Okino Nozomu, Mori Kaoru, Ito Makoto
Department of Bioscience and Biotechnology, Graduate School of Bioresource and Bioenvironmental Sciences, Kyushu University, 6-10-1 Hakozaki, Higashi-ku, 812-8581, Fukuoka, Japan.
Biochem Biophys Res Commun. 2002 Nov 22;299(1):160-6. doi: 10.1016/s0006-291x(02)02540-8.
We report here the molecular cloning of the mouse neutral ceramidase gene and its promoter analysis. The gene, composed of 27 exons ranging in size from 40 to 292 bp, spans more than 70 kb. Analysis of the 5(')-flanking region of the ceramidase genes revealed that the first exon of the gene of mouse liver was exactly the same as that of mouse kidney and Swiss 3T3 fibroblasts but completely different from that of mouse brain. The putative promoter regions of liver and brain ceramidase genes contained several well-characterized promoter elements such as GATA-2, C/EBP, and HNF3beta but lacked TATA and CAAT boxes, a typical feature of a housekeeping gene, although the expression is regulated in a tissue-specific manner. Interestingly, a GC box was exclusively found in the putative promoter of mouse liver whereas potential AP1 and AP4 binding sites were present in that of mouse brain. By a luciferase reporter gene assay, it was shown that the GC-rich region, which exists just upstream of the first exon, conferred the promoter activity in Swiss 3T3 cells.

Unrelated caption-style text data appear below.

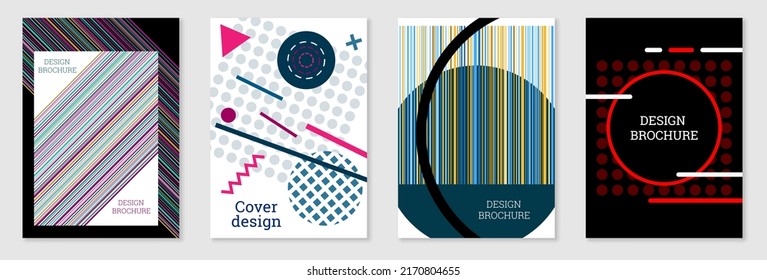 Geometric cover design, set. Abstract unusual background in the style of Memphis. Bright geometric shapes in random order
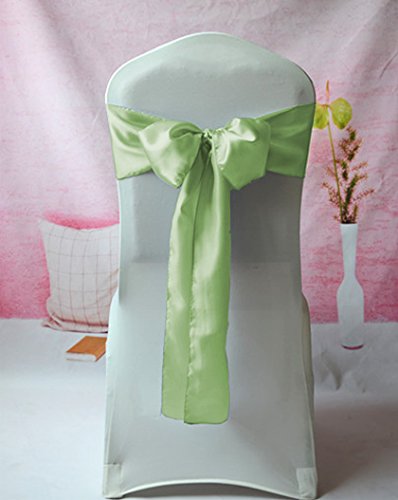 25x Satin Stuhlschleifen in grün Läufer Taft Schleife Schleifen Stuhlhussen Hochzeit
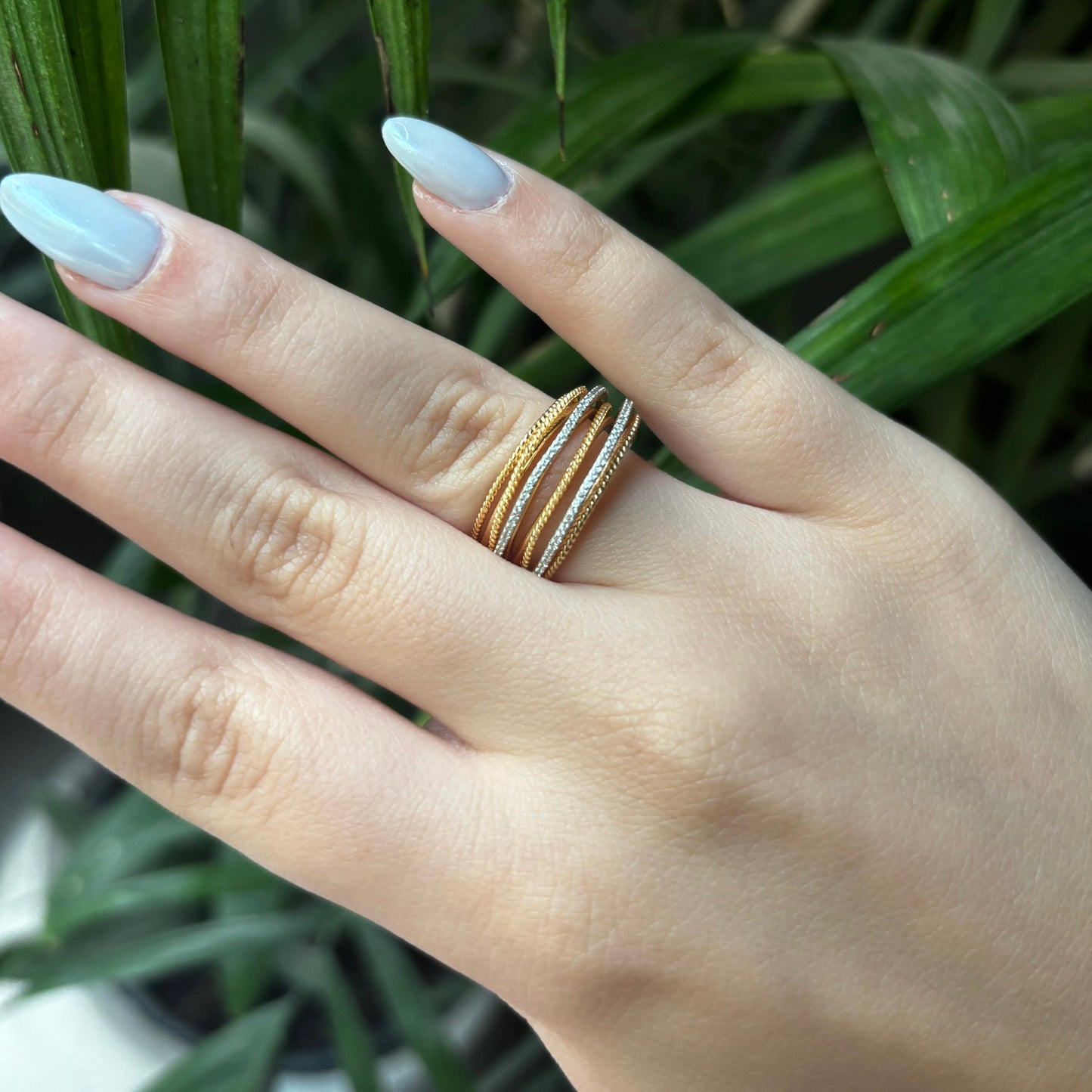 Triple-Tone Rope Band Ring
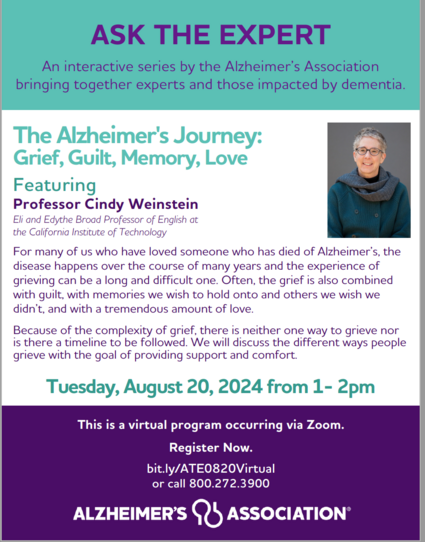 Ask the Expert: An interactive series by the Alzheimer's Association bringing together experts and those impacted by dementia. 

Tuesday, August 20, 2024 from 1 to 2 pm (ET)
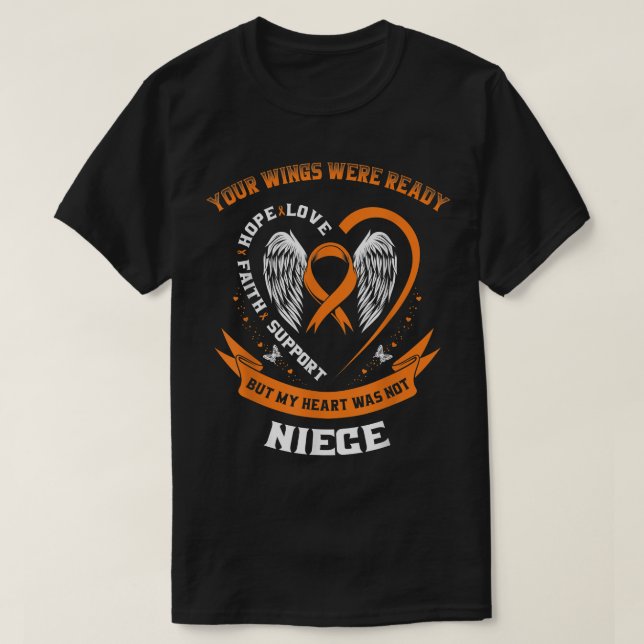 Orange Leukemia Awareness Niece Childhood Cancer A T-Shirt (Design Front)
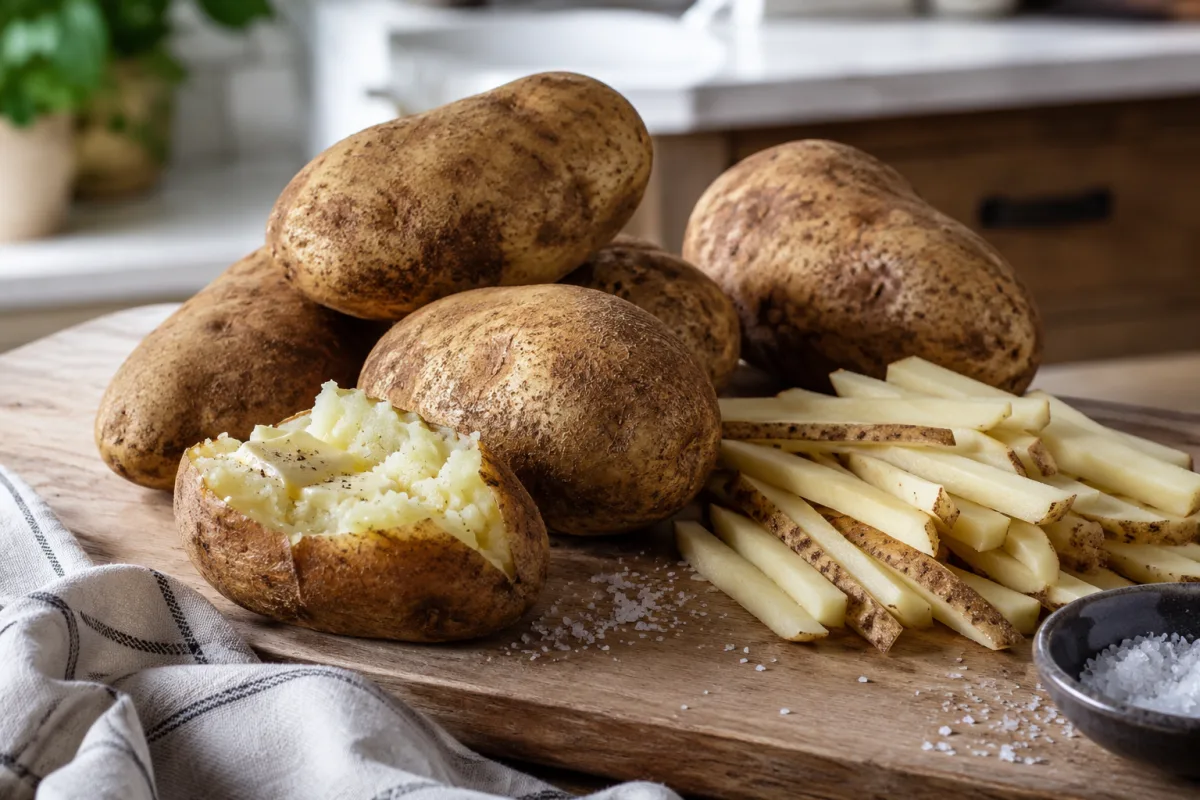Russet potatoes ready for baking and frying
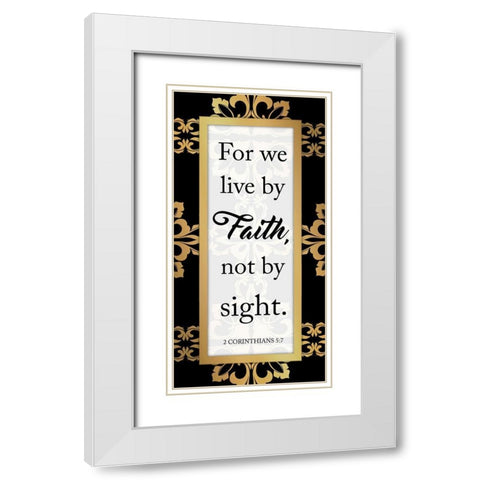 Live By Faith White Modern Wood Framed Art Print with Double Matting by Prime, Marcus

我们在此报告小鼠中性神经酰胺酶基因的分子克隆及其启动子分析。该基因由27个外显子组成,大小从40到292 bp不等,跨度超过70 kb。对神经酰胺酶基因5′侧翼区域的分析表明,小鼠肝脏基因的第一个外显子与小鼠肾脏和瑞士3T3成纤维细胞的完全相同,但与小鼠大脑的完全不同。肝脏和大脑神经酰胺酶基因的推定启动子区域包含几个特征明确的启动子元件,如GATA-2、C/EBP和HNF3β,但缺乏TATA和CAAT框,这是管家基因的典型特征,尽管其表达是以组织特异性方式调节的。有趣的是,GC框仅在小鼠肝脏的推定启动子中发现,而潜在的AP1和AP4结合位点存在于小鼠大脑的推定启动子中。通过荧光素酶报告基因测定表明,存在于第一个外显子上游的富含GC的区域赋予了瑞士3T3细胞中的启动子活性。